A mathematician Johann Carl Friedrich Gauss, born in 1777 in Germany is one of my heroes in mathematics. In his earlier years he was a disruptive child. He would distract children in class and not listen to what the teacher taught him as he believed he already knew everything that he could teach him.

One day, his teacher set the class a punishment for their bad behaviour. He said "Calculate the sum of all the numbers from one to one hundred". The teacher than sat at their desk hoping that it would keep them quiet, but a short while in, Gauss had completed it. His teacher, in outrage and disbelief charged over to him and saw that he had written the number 5050 on his page.

The teacher didn't believe him and thought he had cheated. "Ok, well, find the sum up to 200 then" they said, and before the teacher had even reached his desk Gauss shouted again. Confused, the teacher walked back to him and demanded to know how he did it so fast. He had used the following method:

He knew that he had to do 1+2+3+4...+99+100. so he thought, why not write it out backwards. so he wrote it like this:

\(1+2+3\quad ...\quad +98+99+100\)

\(100+99+98\quad ...\quad +3+2+1\)

\(101+101+101\quad ...\quad +101+101+101\)

\({ S }_{ n }=\frac { 1 }{ 2 } ({ n(n+1) }\quad =>\quad { S }_{ n }=\frac { (100(101)) }{ 2 } =\quad 5050\)

It was this that then lead onto the summation of an arithmetic sequence. An equation which is still in use today:

\( S_n=\frac { n }{ 2 } ({ 2a }_{ 1 }+(n-1)d) \)

A small realization that you can use a variant on this to find the sum of times tables

with the 1 times table:

1, 2, 3, 4, 5, 6, 7, 8, 9 -> The sum progresses as 1, 3, 5, 10, 15, 21.... This is a formula of \( (n^2+n) /2 \).

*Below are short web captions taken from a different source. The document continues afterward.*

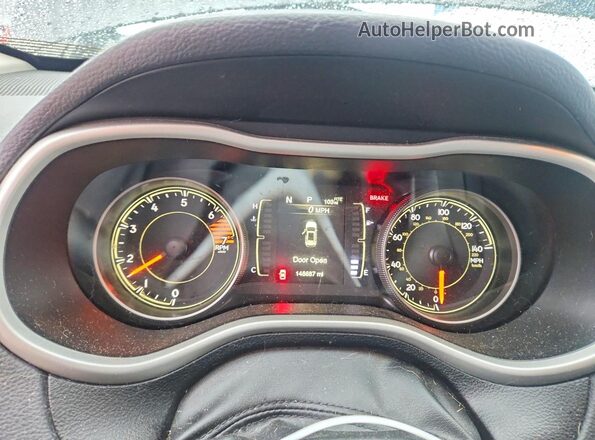 1C4PJLLB0JD573744 2018 JEEP CHEROKEE Black ხელსაწყოთა პანელის ხედი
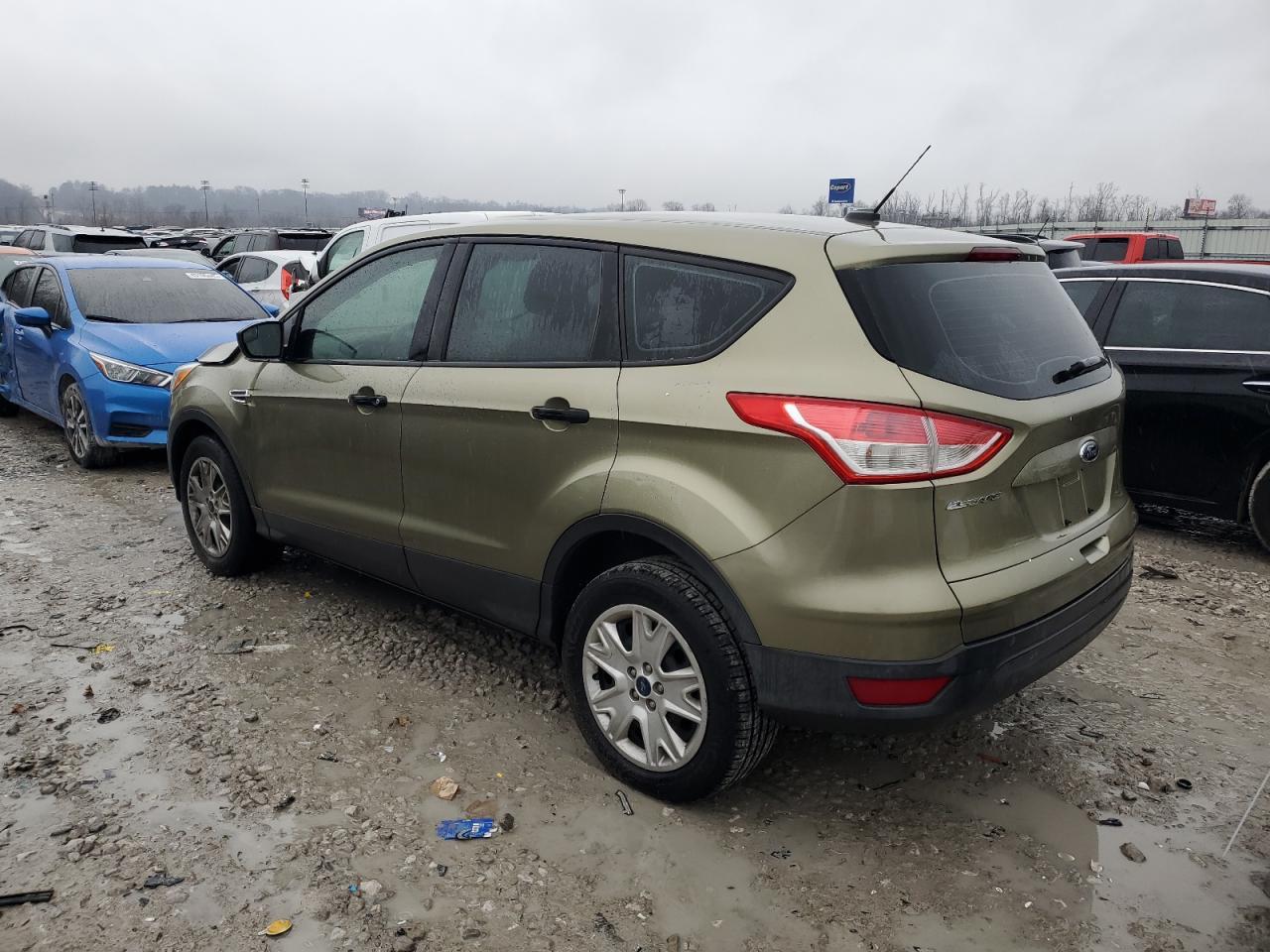 2013 Ford Escape S - Image 2
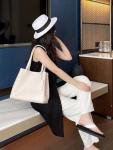 Женская сумка-трапеция из фактурной натуральной кожи, цвет молочный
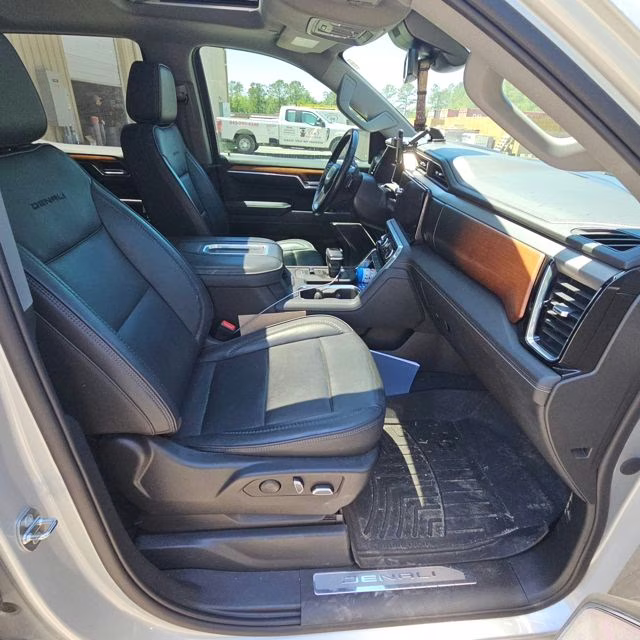 2022 Quicksilver Metallic GMC Sierra 1500 Denali 4X4 Truck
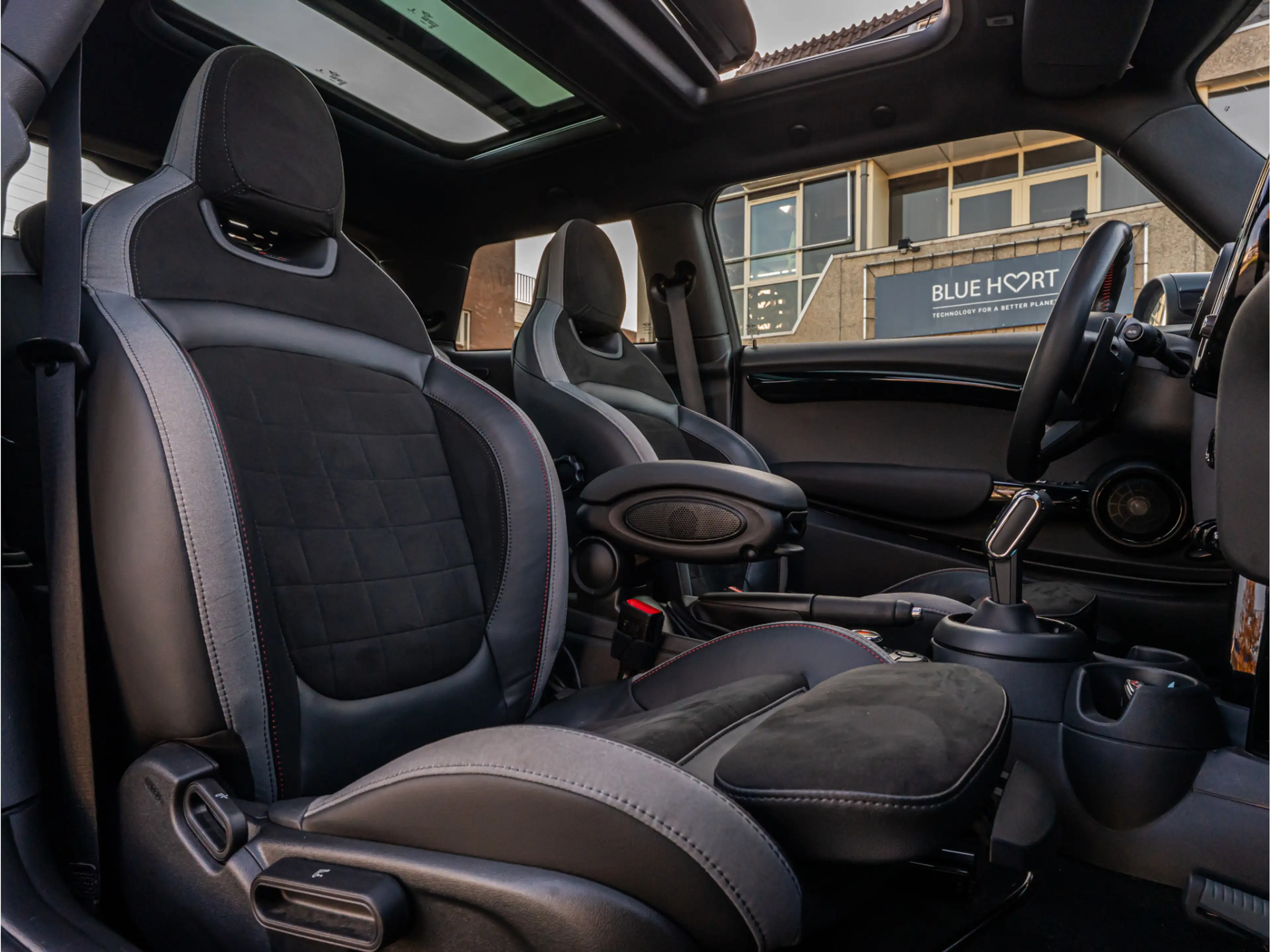 MINI John Cooper Works 3-Deurs 2.0 Chili ORG NL PANO JCW STOELEN 18 INCH — photo 4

And with the two times table:

2, 4, 6, 8, 10, 12, 14 -> This sum progresses as 2, 6, 12, 20, 30... This is a formula of \((n^2 +n)\) which is twice the formula of the equation for the 1x table.

It turns out that this pattern will continue in that the sum will be:

\(S_n=\frac { 1 }{ 2 } { (n }^{ 2 }+n)\quad +\quad { (n }^{ 2 }+n)\quad +\quad \frac { 1 }{ 2 } ({ 3n }^{ 2 }+3n) \)

and then multiplying by 2 will give:

\(2S_n={ (n }^{ 2 }+n)\quad +\quad { (2n }^{ 2 }+2n)\quad +\quad ({ 3n }^{ 2 }+3n) \)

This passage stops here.